“There is a Destiny which has the control of our actions, not to be resisted by the strongest efforts of Human Nature.”
George Washington (February 22, 1732 — December 14, 1799) was an American politician and soldier who served as the first President of the United States from 1789 to 1797 and was one of the Founding Fathers of the United States. He served as Commander-in-Chief of the Continental Army during the American Revolutionary War, and later presided over the 1787 convention that drafted the United States Constitution. He is popularly considered the driving force behind the nation’s establishment and came to be known as the “father of the country,” both during his lifetime and to this day.
Washington was widely admired for his strong leadership qualities and was unanimously elected president by the Electoral College in the first two national elections. He oversaw the creation of a strong, well-financed national government that maintained neutrality in the French Revolutionary Wars, suppressed the Whiskey Rebellion, and won acceptance among Americans of all types.
Washington’s incumbency established many precedents still in use today, such as the cabinet system, the inaugural address, and the title Mr. President.
His retirement from office after two terms established a tradition that lasted until 1940 when Franklin Delano Roosevelt won an unprecedented third term. The 22nd Amendment (1951) now limits the president to two elected terms.
He was born into the provincial gentry of Colonial Virginia to a family of wealthy planters who owned tobacco plantations and slaves, which he inherited. In his youth, he became a senior officer in the colonial militia during the first stages of the French and Indian War. In 1775, the Second Continental Congress commissioned him as commander-in-chief of the Continental Army in the American Revolution. In that command, Washington forced the British out of Boston in 1776 but was defeated and nearly captured later that year when he lost New York City.

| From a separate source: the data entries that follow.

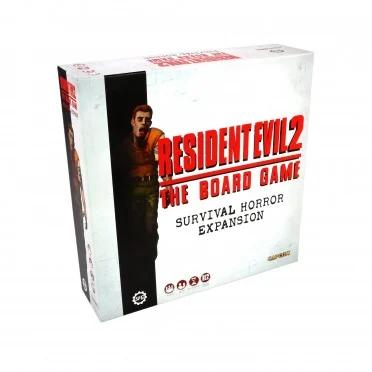 Resident Evil 2 - The board game - The Survival Horror Expansion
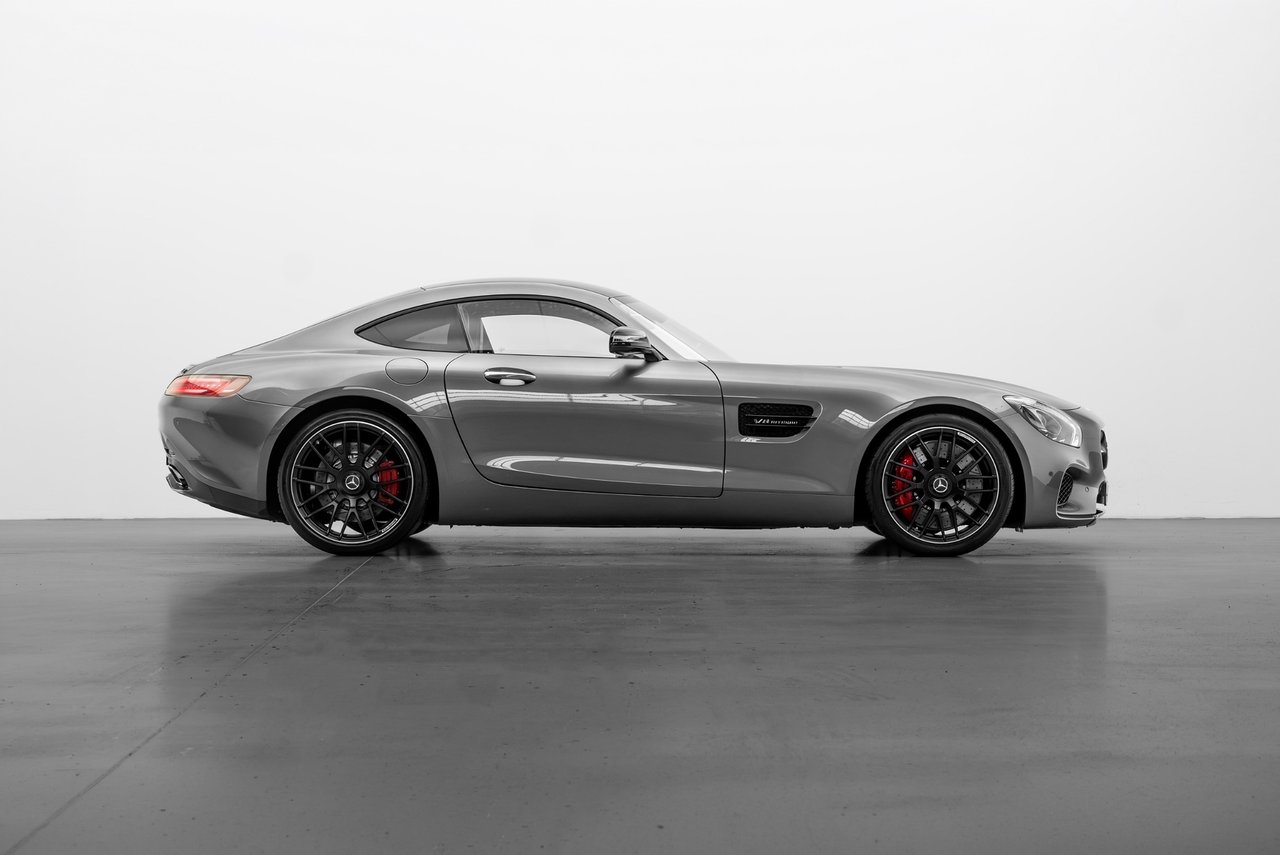 Mercedes-Benz AMG GT 2015, bild 5/10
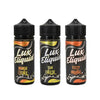 Buy bulk wholesale Lux E-liquid 100ml Shortfill
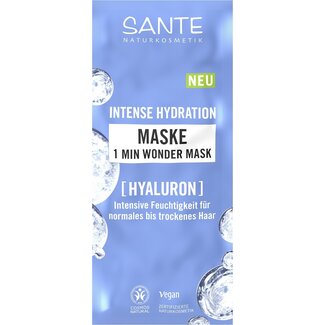 Sante Mask hydratation wonder mask 20 Milliliter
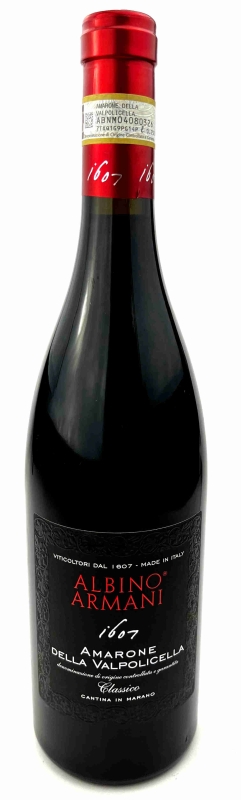 Albino Armani Amarone della Valpolicella Classico 2015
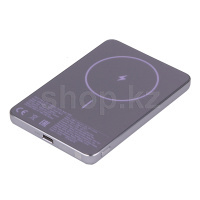 Мобильный аккумулятор Xiaomi Super Slim Magnetic WPB0507S, 5000 mAh, Purple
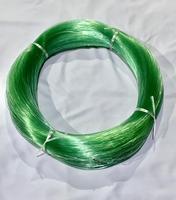 Ligne de pêche en nylon tressé extra épaisse de 0.8mm à 2.5mm de diamètre Monofilament transparent super fort de 1000m pour la pêche en mer/en bateau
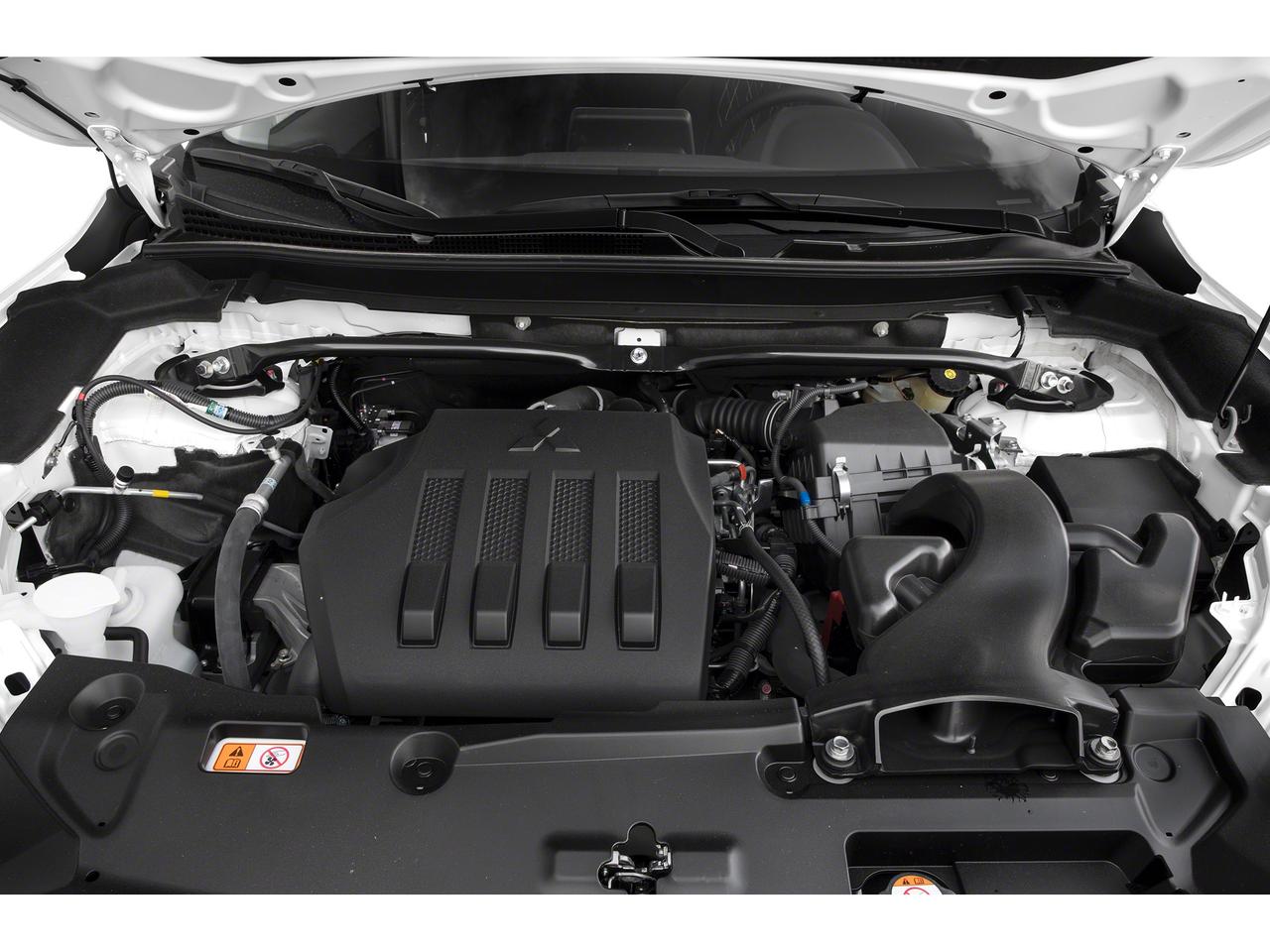 2019 Mitsubishi Eclipse Cross SE w/Tech Pkg Photo5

After crossing the Delaware River in the middle of winter, he defeated the British in two battles (Trenton and Princeton), retook New Jersey, and restored momentum to the Patriot cause. His strategy enabled Continental forces to capture two major British armies at Saratoga in 1777 and Yorktown in 1781. Historians laud Washington for the selection and supervision of his generals; preservation and command of the army; coordination with the Congress, state governors, and their militia; and attention to supplies, logistics, and training. In battle, however, Washington was repeatedly outmaneuvered by British generals with larger armies.
After victory had been finalized in 1783, Washington resigned as commander-in-chief rather than seize power, proving his opposition to dictatorship and his commitment to American republicanism. Washington presided over the Constitutional Convention in 1787, which devised a new form of federal government for the United States.
Following his election as president in 1789, he worked to unify rival factions in the fledgling nation. He supported Alexander Hamilton’s programs to satisfy all debts, federal and state, established a permanent seat of government, implemented an effective tax system, and created a national bank.
In avoiding war with Great Britain, he guaranteed a decade of peace and profitable trade by securing the Jay Treaty in 1795, despite intense opposition from the Jeffersonians. He remained non-partisan, never joining the Federalist Party, although he largely supported its policies. Washington’s Farewell Address was an influential primer on civic virtue, warning against partisanship, sectionalism, and involvement in foreign wars. He retired from the presidency in 1797, returning to his home and plantation at Mount Vernon.
Upon his death, Washington was eulogized as “first in war, first in peace, and first in the hearts of his countrymen” by Representative Henry Lee III of Virginia. He was revered in life and in death; scholarly and public polling consistently ranks him among the top three presidents in American history. He has been depicted and remembered in monuments, public works, currency, and other dedications to the present day.